Polemik mengenai pembakaran bendera Hizbut Tahrir Indonesia (HTI) bermula ketika Barisan Ansor Serbaguna NU (Banser NU) merampas dan membakar bendera berkalimat tauhid khas organisasi terlarang itu pada perayaan HSN 2018 di Garut Jawa Barat. Padahal, sebelumnya telah ada kesepakatan bahwa hanya boleh ada bendera Merah Putih ketika Hari Santri dirayakan.
Pengibaran bendera HTI itu sendiri terbukti dilakukan secara sengaja guna memprovokasi kelompok lainnya. Uus Sukmana, pelaku pengibaran bendera HTI, mengakui bahwa dirinya sengaja menyusup di barisan santri untuk mengibarkan bendera berwarna hitam itu.
Uus bukanlah orang bodoh yang tak paham aksinya. Dari hasil pemeriksaan, Uus mengaku tahu bendera yang dibawa dan dikibarkannya, hingga akhirnya dibakar anggota Banser itu, merupakan bendera HTI. Dia membeli atribut HTI itu secara online dari Facebook.
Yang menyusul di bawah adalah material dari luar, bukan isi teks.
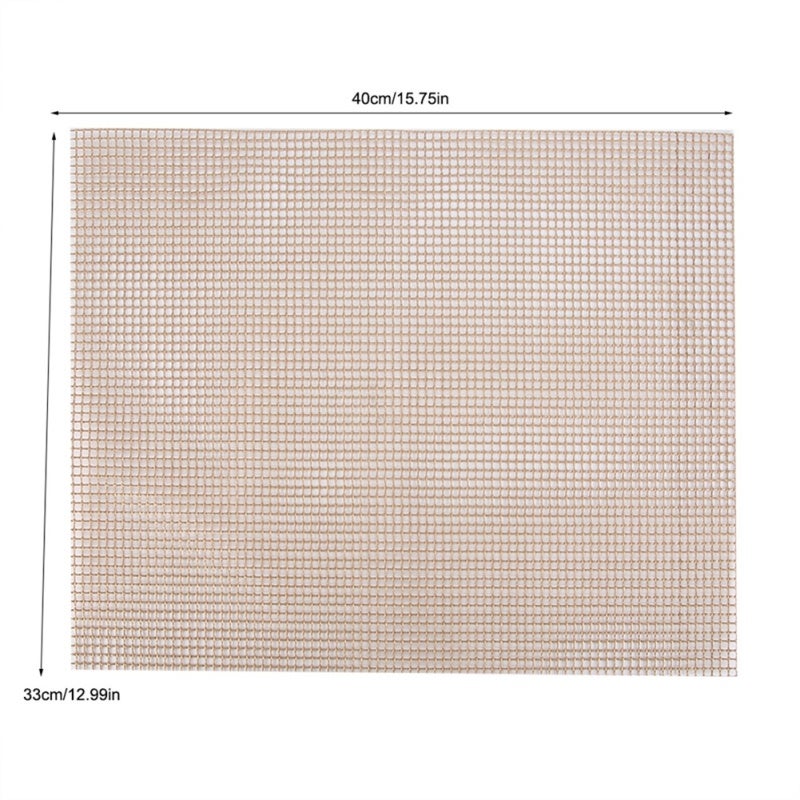 Reusable Non sticky BBQ Grill Roast Mat Pad Cooking Baking Outdoor Picnic Fry Cooking (Brown) - Image 3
Menurut pengakuannya pula, Uus pernah mengikuti aksi-aksi yang digelar HTI. Dia secara terang-terangan menyebut dirinya adalah simpatisan organisasi pengusung paham khilafah itu. Bahkan dirinya juga ikut aksi 212 di Jakarta pada 2016 lalu.
Diduga kuat aksi Uus ini tak sendiri, namun juga diikuti oleh kader dan simpatisan HTI lainnya. Hal ini sesuai dengan investigasi dari Tim Pencari Fakta (TPF) PBNU, dimana menunjukkan bahwa aksi pengibaran dan pemasangan bendera HTI itu terjadi di berbagai lokasi yang merata hampir seluruh wilayah Jawa Barat, seperti Sumedang, Kuningan, Ciamis, Banjar, Bandung, Tasikmalaya, dan lain-lain.
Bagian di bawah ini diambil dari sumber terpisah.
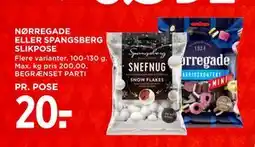 MENY NØRREGADE ELLER SPANGSBERG SLIKPOSE, DKK 20 tilbud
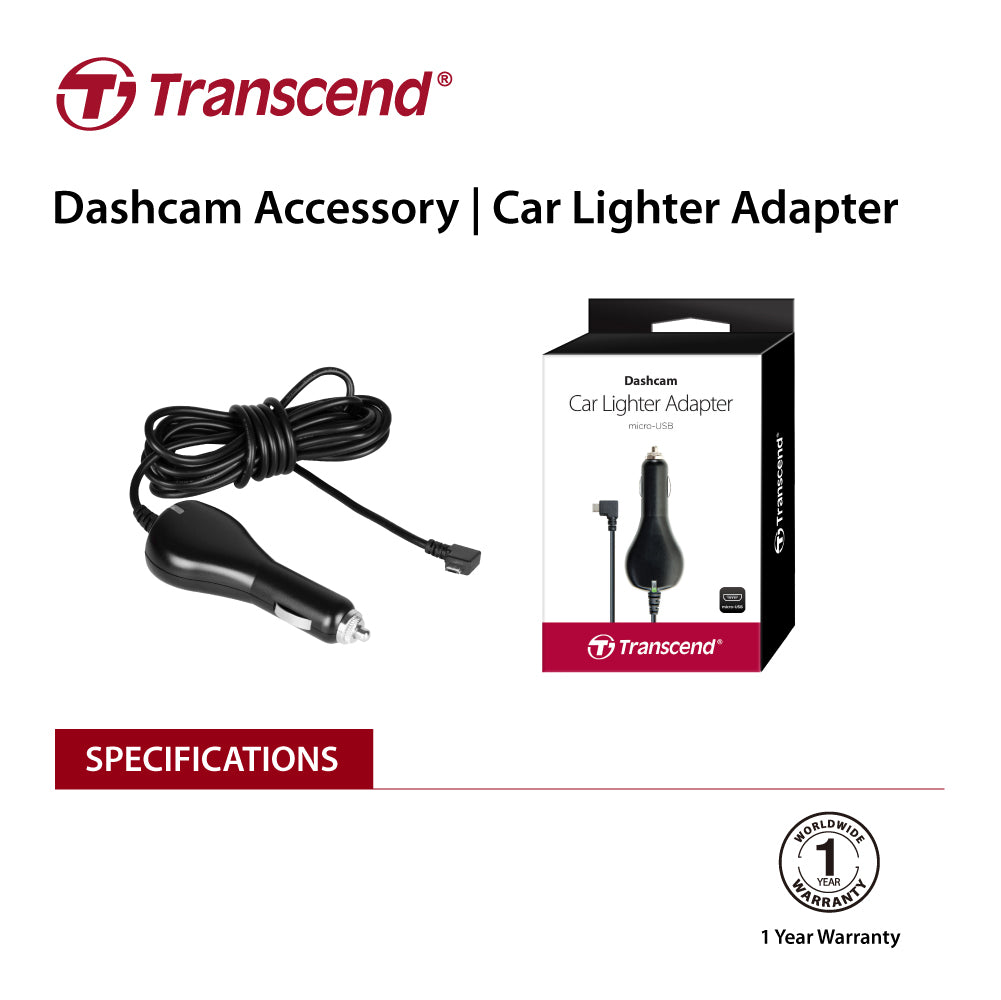 transcend-ts-dpl2-car-lighter-adapter-for-drivepro-micro-b-for-dp230-dp130-dp110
Dengan begitu, PBNU menilai ada upaya sistematis untuk memprovokasi acara tersebut. Tindakan Banser NU di perayaan HSN 2018 itu murni aksi spontan merespon berkibarnya atribut yang kerap digunakan oleh organisasi terlarang di bumi NKRI.
Tindakan anggota Banser Garut itu didasari oleh rasa cinta Tanah Air. Tidak ada landasan kebencian personal maupun kelompok, apalagi dimaksudkan untuk melecehkan atau menodai agama. Itu sebatas semangat untuk mencintai Tanah Air untuk mencegah gerakan-gerakan yang ingin mengganti konstitusi dan bentuk negara.
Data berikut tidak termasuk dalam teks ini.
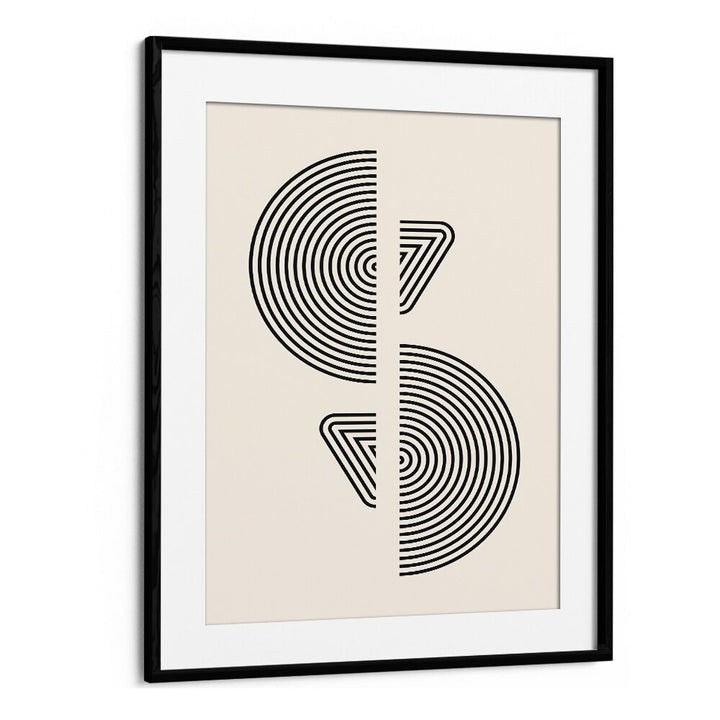 Framed BLACK MOLE LAGOON, BOHO ART PRINTS by Asian Monk adds minimalistic elegance to any wall decor.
Meskipun demikian, banyak pihak menyayangkan peristiwa pembakaran bendera itu. Hal itu dinilai berlebihan. Oleh karenanya, oknum Banser NU yang membakar bendera itu meminta maaf.
Pasca Pembakaran Bendera
Ternyata eskalasi isu pembakaran bendera tauhid itu tak berhenti di sini. Aksi pembakaran bendera HTI itu spontan menjadi ramai diperbincangkan di media sosial. Beragam spekulasi dilemparkan, dari mulai pelecehan agama hingga anggapan memancing perang umat Islam.